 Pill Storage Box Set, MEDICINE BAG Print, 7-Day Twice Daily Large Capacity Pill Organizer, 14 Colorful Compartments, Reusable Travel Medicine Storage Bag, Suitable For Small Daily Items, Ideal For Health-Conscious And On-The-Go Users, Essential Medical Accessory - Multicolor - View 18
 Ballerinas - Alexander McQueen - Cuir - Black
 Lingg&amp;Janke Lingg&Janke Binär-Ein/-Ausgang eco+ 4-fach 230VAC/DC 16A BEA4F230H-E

....

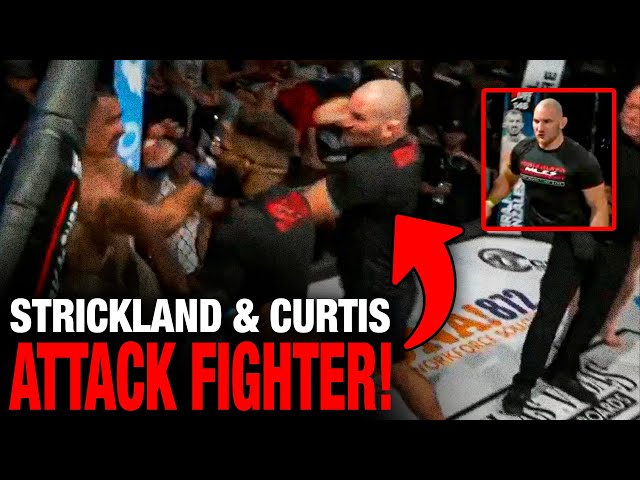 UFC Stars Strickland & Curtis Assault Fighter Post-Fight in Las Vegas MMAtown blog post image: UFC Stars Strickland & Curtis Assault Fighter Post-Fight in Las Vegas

....

* **Task details**: All lines above from the one containing "Pill Storage Box" to the one containing "Lingg&amp;Janke Lingg&Janke Binär-Ein/-Ausgang" must be repeated exactly, both lines included, and no others.

* **Response for this exercise**:
 Pill Storage Box Set, MEDICINE BAG Print, 7-Day Twice Daily Large Capacity Pill Organizer, 14 Colorful Compartments, Reusable Travel Medicine Storage Bag, Suitable For Small Daily Items, Ideal For Health-Conscious And On-The-Go Users, Essential Medical Accessory - Multicolor - View 18
 Ballerinas - Alexander McQueen - Cuir - Black
 Lingg&amp;Janke Lingg&Janke Binär-Ein/-Ausgang eco+ 4-fach 230VAC/DC 16A BEA4F230H-E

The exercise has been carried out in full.